O Tributo A Joy Division foi tão mau, tão mau que não quero sequer comentar, por pena.
Biffy Clyro e Thievery Corporation, não, obrigado.
Entre as duas actuações anteriores houve ainda Lemonheads - reconheço que conheço muito pouco deles - e um concerto estranho, muito estranho. Arrancaram bem e com alguma força, sendo que depois os elementos da banda abandonaram o palco, ficando apenas Evan Dando, de guitarra em punho, diante de uma plateia pouco receptiva, a entoar melodias de travo mais folk.

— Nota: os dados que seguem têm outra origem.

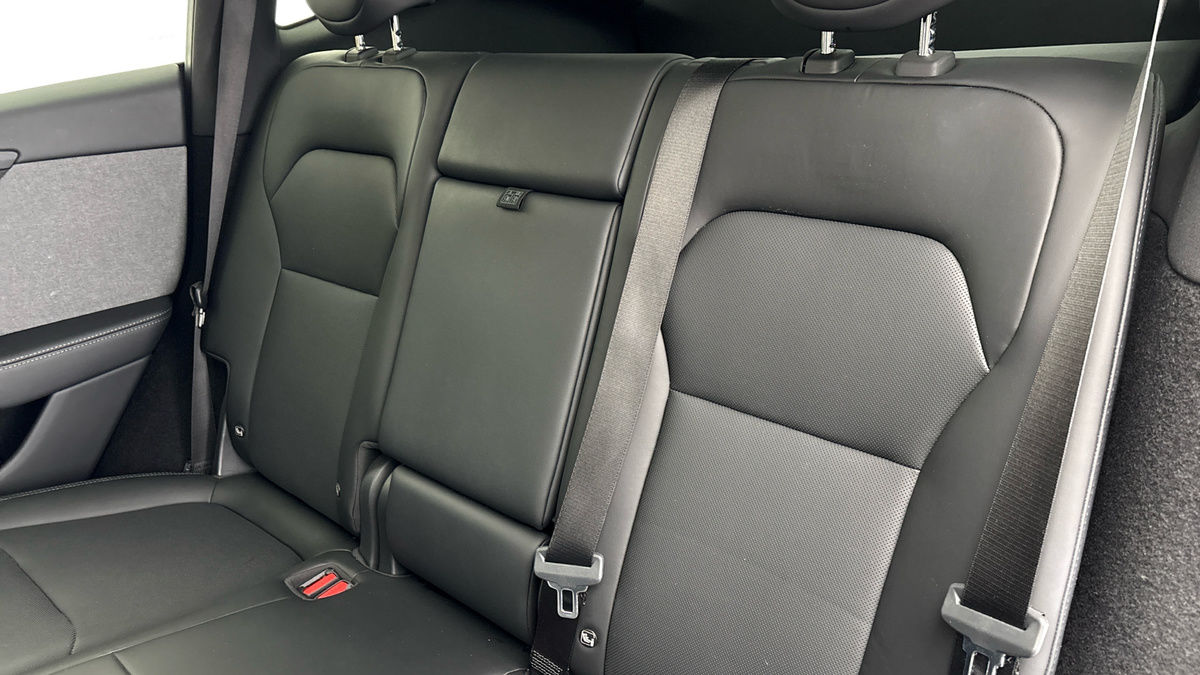 Tesla Model Y Image 8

Interromperam uma canção ainda no seu início, sairam inesperadamente do palco, mas rapidamente regressaram para um último tema. Algo não correu bem ali, mas não foi propriamente um mau concerto. A música era boa.

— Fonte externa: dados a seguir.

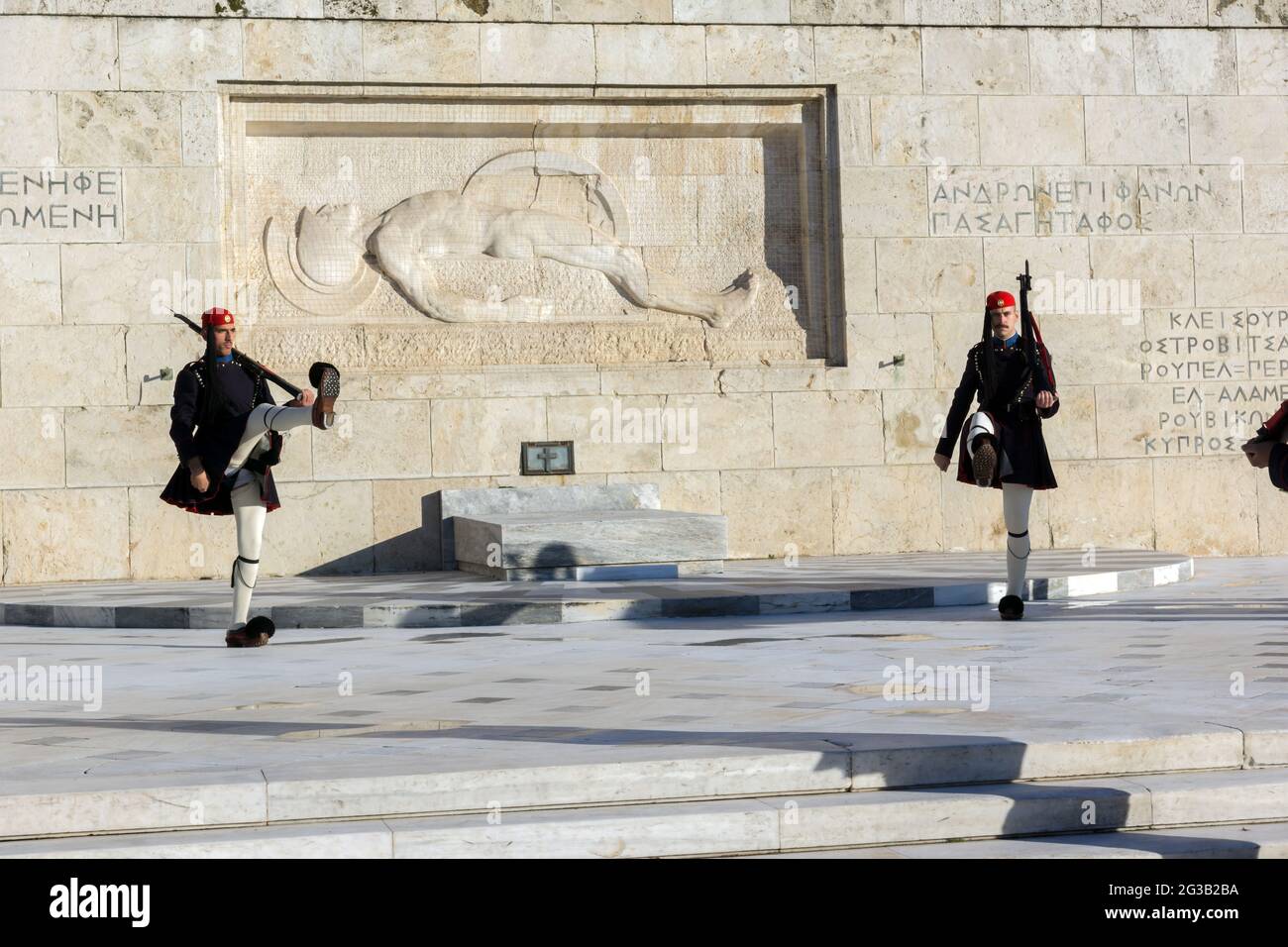 ATENE, GRECIA - GENNAIO 19 2017: Guardie cerimoniali presidenziali - Evzones alla Tomba del Milite Ignoto di fronte al Parlamento greco, Atene Foto Stock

O último concerto a que assisti foi o de Caribou, no palco secundário. Excelente actuação, por sinal. Com uma entrega fora do comum, o músico canadiano mais três outros elementos, atacaram as baterias e as guitarras como se não houvesse amanhã, num momento que aliou o rigor do prog a um certo experimentalismo noise. Não conhecia, mas fiquei com muita vontade de conhecer.
Seguidamente, e pela última vez, abandonei o recinto do Festival. Ontem regressei a casa, aproveitei para recuperar forças e cá estou de volta. É verdade que a maior parte dos concertos não passou sequer do medíocre, mas valeu muito a pena pelas duas bandas que referi e ainda uma ou outra agradável surpresa.